Python可自动登录爬取图片的网络爬虫

        最近在学习网络爬虫相关的东西,偶然在CSDN中看到了一个非常简单的网络爬虫程序。但是该程序存在一个问题,爬取的图片除了第一页的之外都是小图片,文中没有给出解决办法。于是就想尝试解决这个问题,毕竟实践出真知。

        原文地址:http://blog.csdn.net/qqzhoufei521/article/details/19570971。

        因为程序本身比较简单,而且没什么技术难度,这里只简单记录下卡住我的两个问题,分享的同时也算是给自己备忘。

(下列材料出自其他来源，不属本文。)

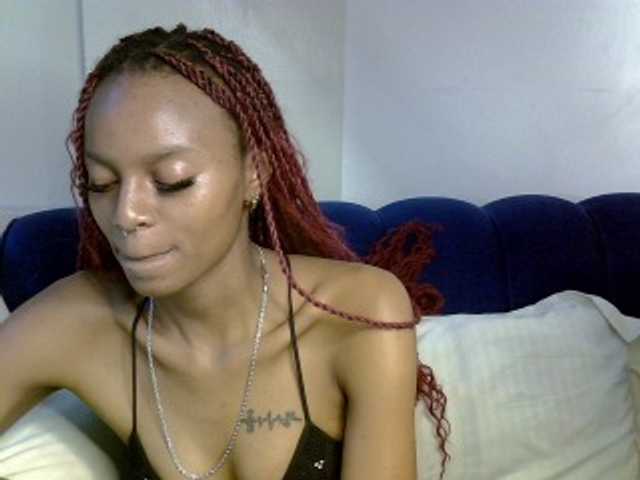 PrettyNoirr live cam on BongaCams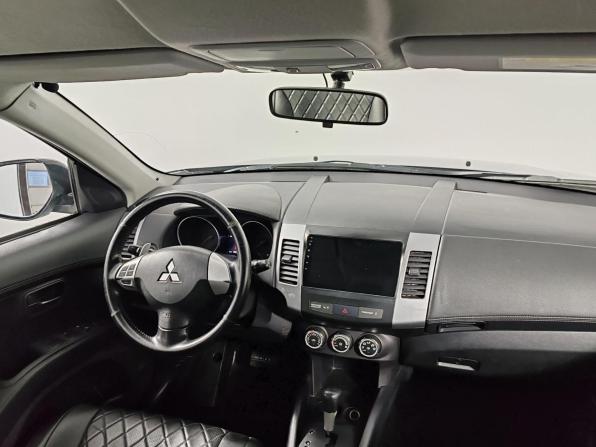 Mitsubishi Outlander II Рестайлинг с пробегом 2010 года, цена 949 000 рублей, 196792 км, внедорожник, Автокод Объявления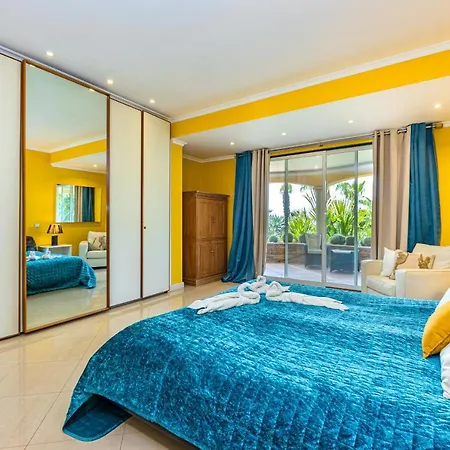 빌라 Casa Do Monte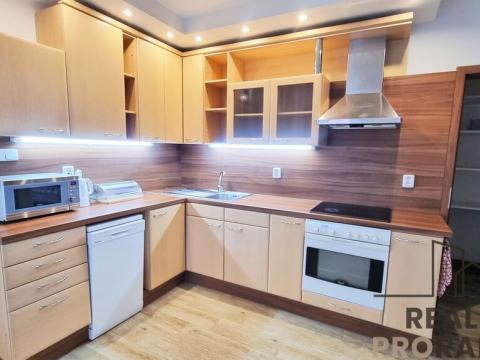 Pronájem bytu 2+kk, Strážnice, Vinohradská, 79 m2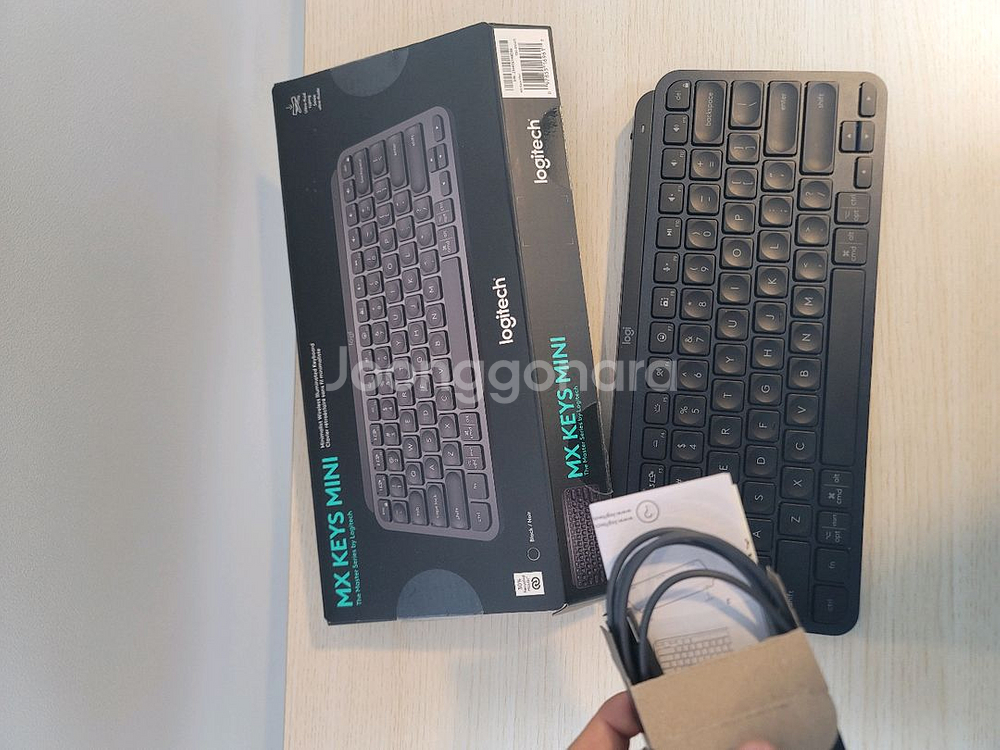 Logitech MX Keys Mini 키보드. 미국 로지텍 공홈 직구 상품.--4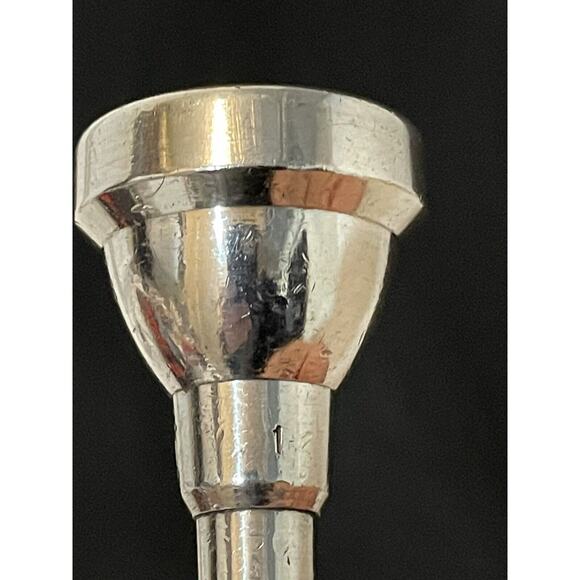 USED MARTIN 1 MOUTHPIECE FOR STANDARD/TENOR SHANK TROMBONE/BARITONE - Picture 4 of 9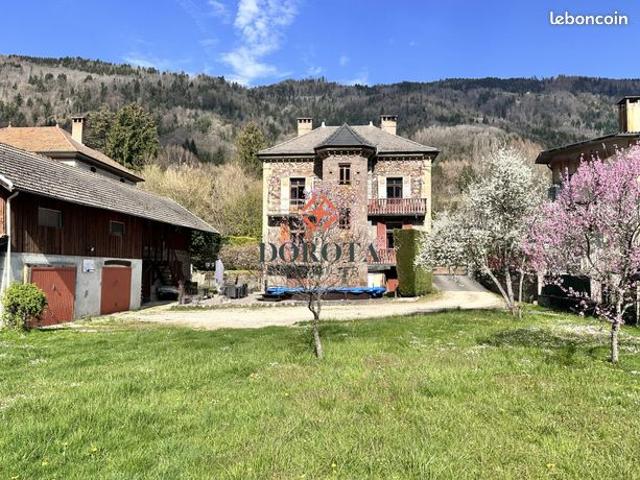 Propriété 6 pièces 300 m²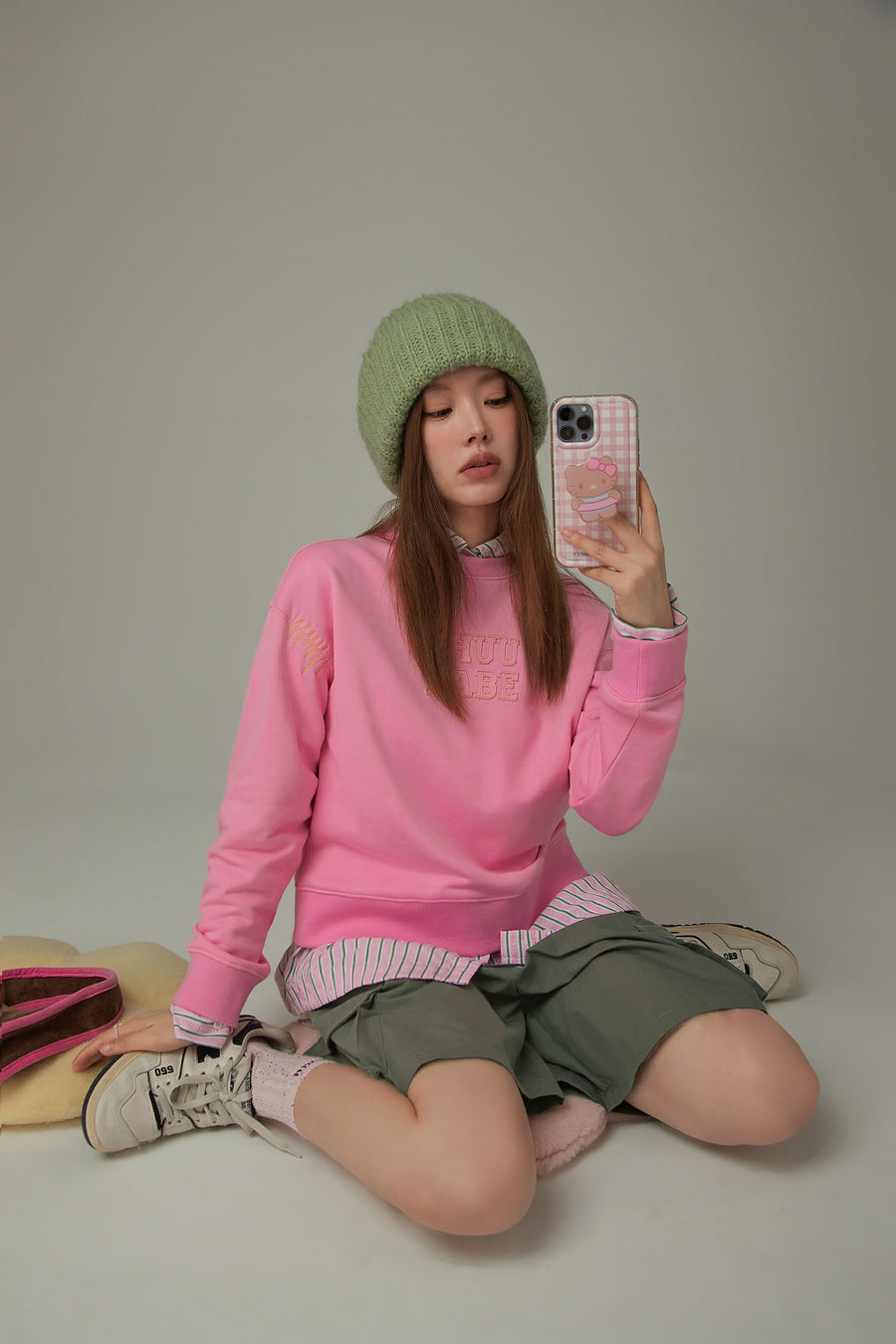 CHUU Logo Color Rouge Sweatshirt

        1. authenticity_token。

        最开始尝试自动登录的时候只是按照网页呈现的form结构填写了用户名、密码和remember_me构造出http消息的content部分,但是发现这样无法登录。通过抓包对比正常登录和程序自动登录发送的消息体发现我发送的content部分缺少了一个叫做authenticity_token的部分,这个东西在网页界面上是看不到的。通过查看资料发现这个东西是存在于form中的一个隐藏项,详见:http://stackoverflow.com/questions/941594/understand-rails-authenticity-token。找到了问题所在,用正则表达式把他从/account/sign_in中取出,放入content中再次post,从返回的消息体中就可以看出登录问题已经解决了(当然需要实现对于http重定向的支持)。

具体代码:

SignIn = '/account/sign_in'	# const
GetAuthKeyExp = r''	# const
AuthKeyPattern = re.compile(GetAuthKeyExp)	# const

def getAuthKey():
	global headers
	page = myRequest(url = SignIn, headers = headers)
	authKey = AuthKeyPattern.findall(page)
	return authKey[0]

        2. 保持登录状态继续访问其他页面。

        通过查看网页的源代码发现要想获得除了第一页之外的页面的大图,必须点击图片进入网站的下一级目录,类似:/items/802。再未登录状态下点击图片会被自动重定向到/account/sign_in页面,这就需要程序实现保持登录状态继续访问其他页面的功能。在学习爬虫之前我对http协议的掌握仅限于了解的程度,还是继续google了解到:http本身是短连接无状态的,为了给http增加状态以使其可以以会话的形式交互,就在http中加入了session的概念,而session的概念也是通过cookie实现的。

        通过抓包,发现在cs交互过程中http请求的cookie头域中始终会存在一个叫做_Loudatui_Session的项,而ack的set-cookie头域中也会携带这样一项,下次请求就会携带上一次ack返回的session值。资料中的session就是这样实现的,想必这个网站的会话保持也是通过_Loudatui_Session实现的。于是,按照上述思路实现了之后,文章开头所述的问题就被解决掉了。

        这中间还有个小问题就是这个网站登录会话的建立是从访问/account/sign_in开始的。也就是说如果在/account/sign_in页面上点击登录按钮之前清空cookie,虽然可以正常登录,但是后续的访问又会被重定向到/account/sign_in界面,不知道这个算不算是网站的一个小bug,希望有经验的童鞋可以帮忙解释下。这个问题也卡住我好长时间,修改程序从第一次获取authenticity_token就开始记录session值后,整个程序才算是完全解决了问题。

完整代码奉上:

# spider
import urllib, httplib
import re
import threading
import os
import sys
import datetime

Pages = 10	# no. of pages want to download.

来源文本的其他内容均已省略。